Sun et al. classify web pages, especially by evaluating sub graphs instead of single pages (A. Sun and E. P. Lim. Web Unit Mining: Finding and Classifying Sub Graphs of Web Pages. In Proceedings 12th Int. Conf. on Information and Knowledge Management, p. 108-115, ACM Press, 2003). Their work is based on URLs and thus not generic. Since they are also interested in improving their classification algorithm, they have concentrated on applying the gained knowledge in improving the usability of a web site.

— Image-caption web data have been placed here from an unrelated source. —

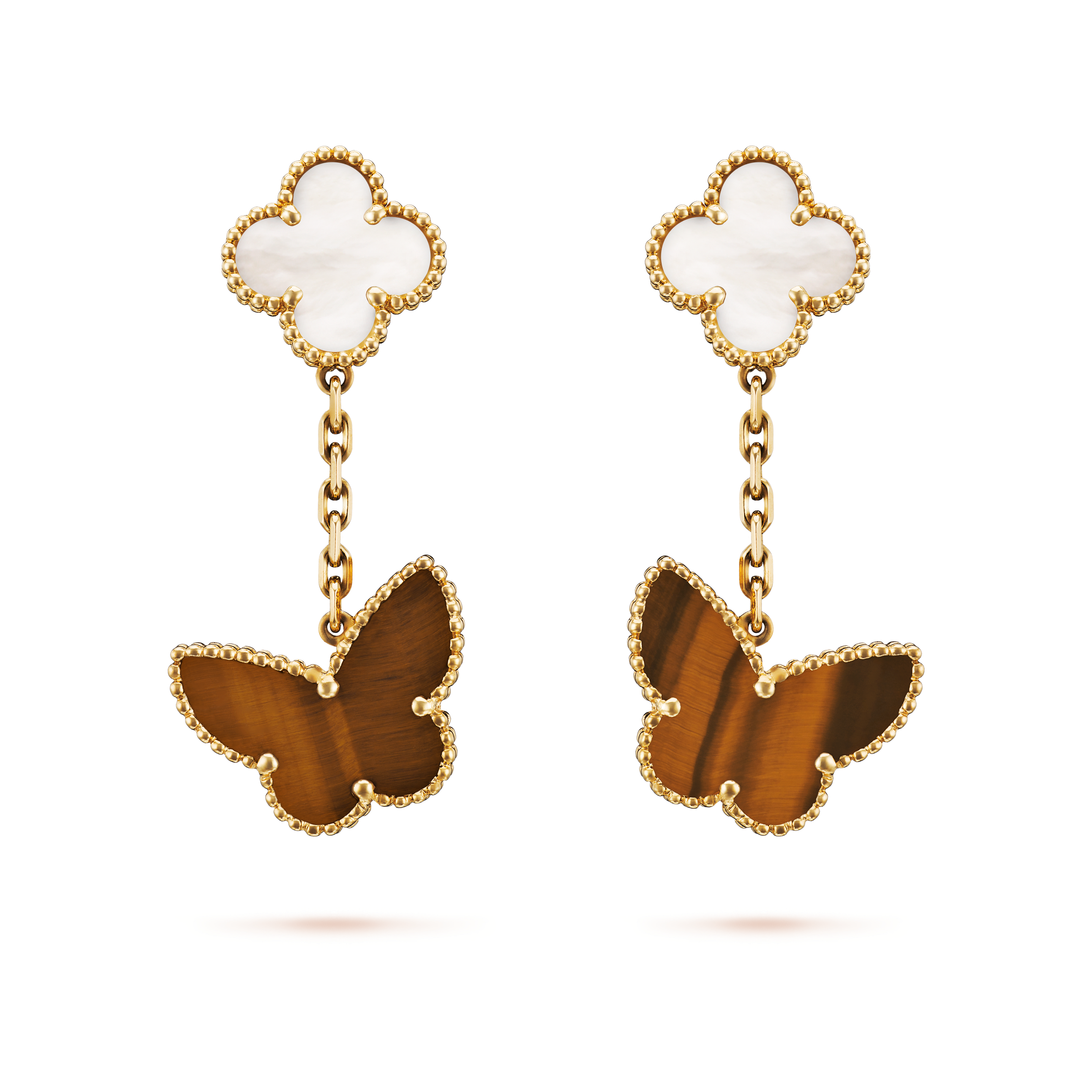 VCE014 Lucky Alhambra drop earring clips, 2 motifs - ccfashionjewelry
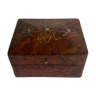 Magnifying glass wood jewelry box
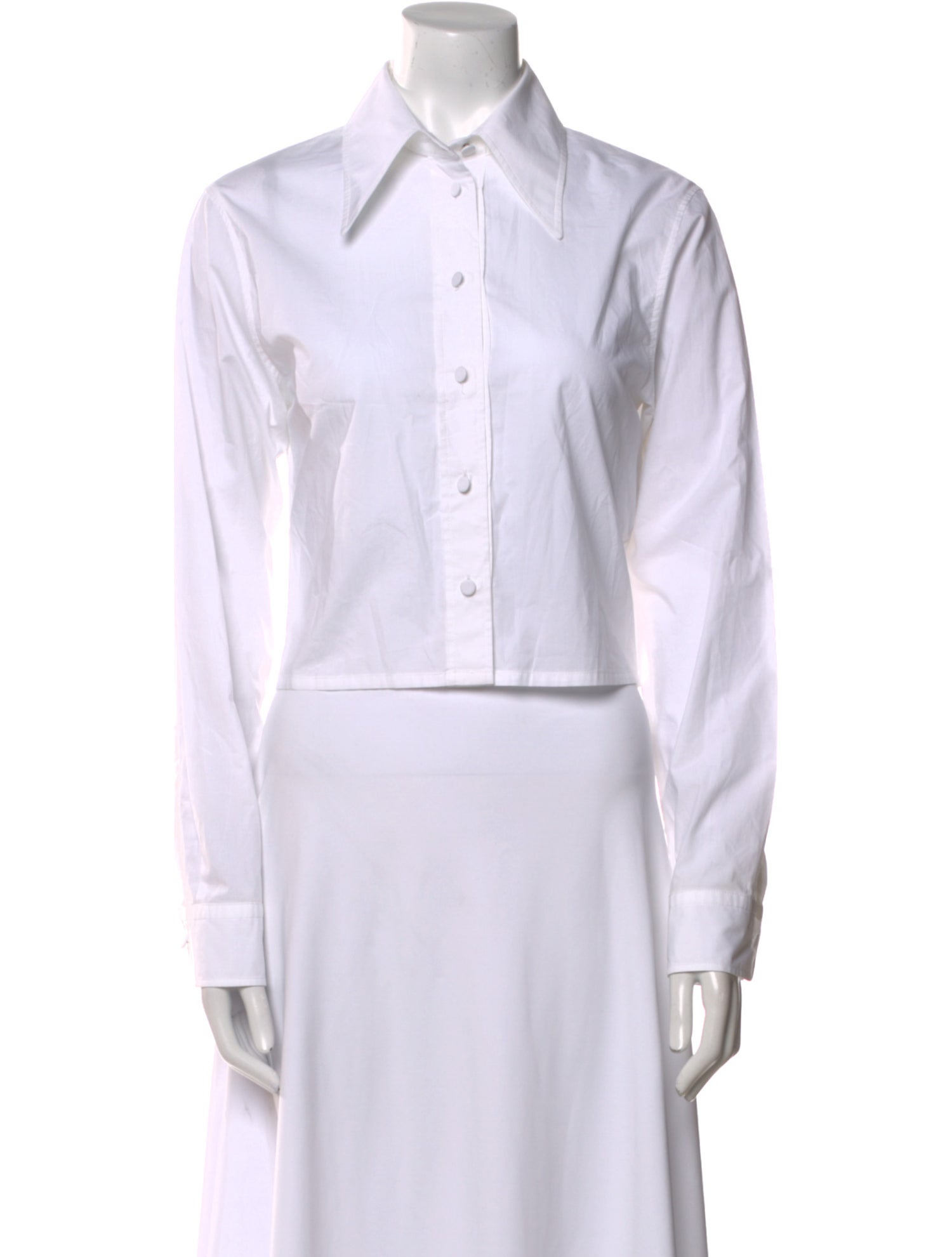 Sandro Long Sleeve Button-Up Top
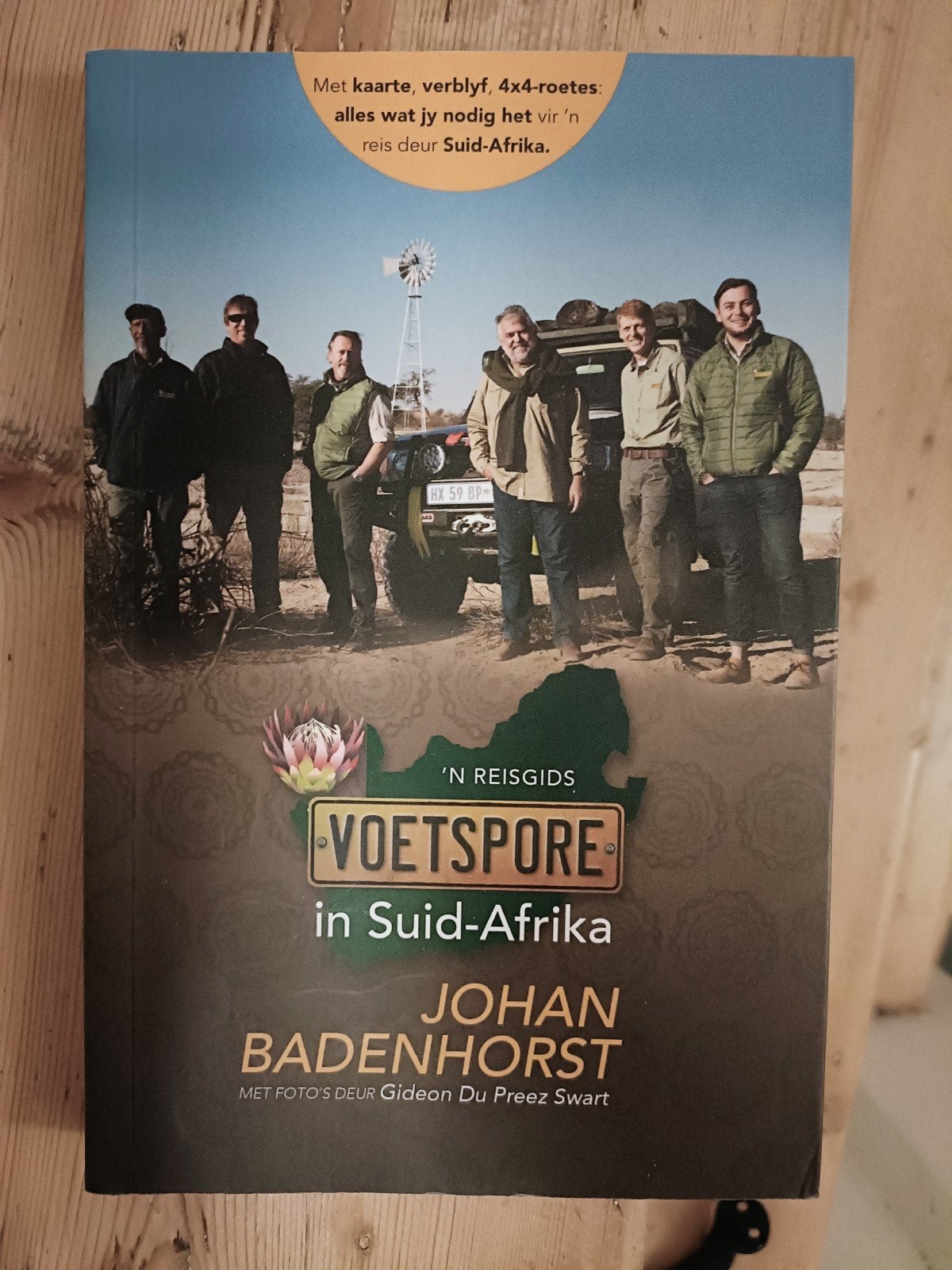 Voetspore in Suid-Afrika - Reisgids Johan Badenhorst, Ophalen of Verzenden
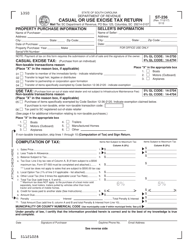 Document preview: Form ST-236 Casual or Use Excise Tax Return - South Carolina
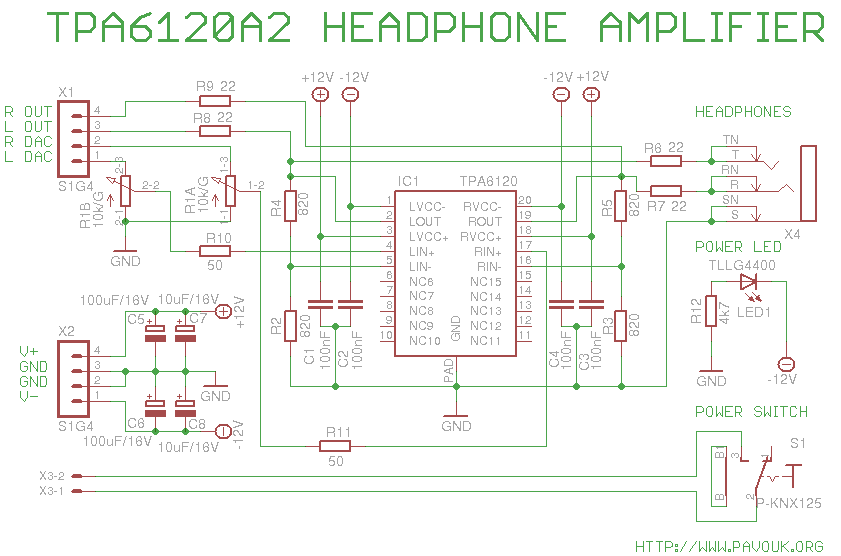 Tpa6120a2 headphone amplifier new arrivals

User interest is also the focus of Oberle et al. (D. Oberle; B. Berendt; A. Hotho; J. Gonzalez; Conceptual User Tracking, Proceedings of the Atlantic Web Intelligence Conference, 2002, p. 155 -164). They enhance web usage data with formal semantics from existing ontologies. The main goal of this work is to resolve cryptic URLs by semantic information provided by a Semantic Web. They do not use explicit semantic information, which excludes analysis of web pages where semantic web extensions are not available.
The comparison of perceived users' interests and author's intentions manifested in the web site content and structure can be applied as a web metric. A systematic survey of web related metrics can be found at Dhyani et al. (Dhyani, D.; Keong N G, W.; Bhowmick, S. S.; A Survey of Web Metrics, ACM Computing Surveys, 2002, vol. 34, nr. 4, p. 469-503).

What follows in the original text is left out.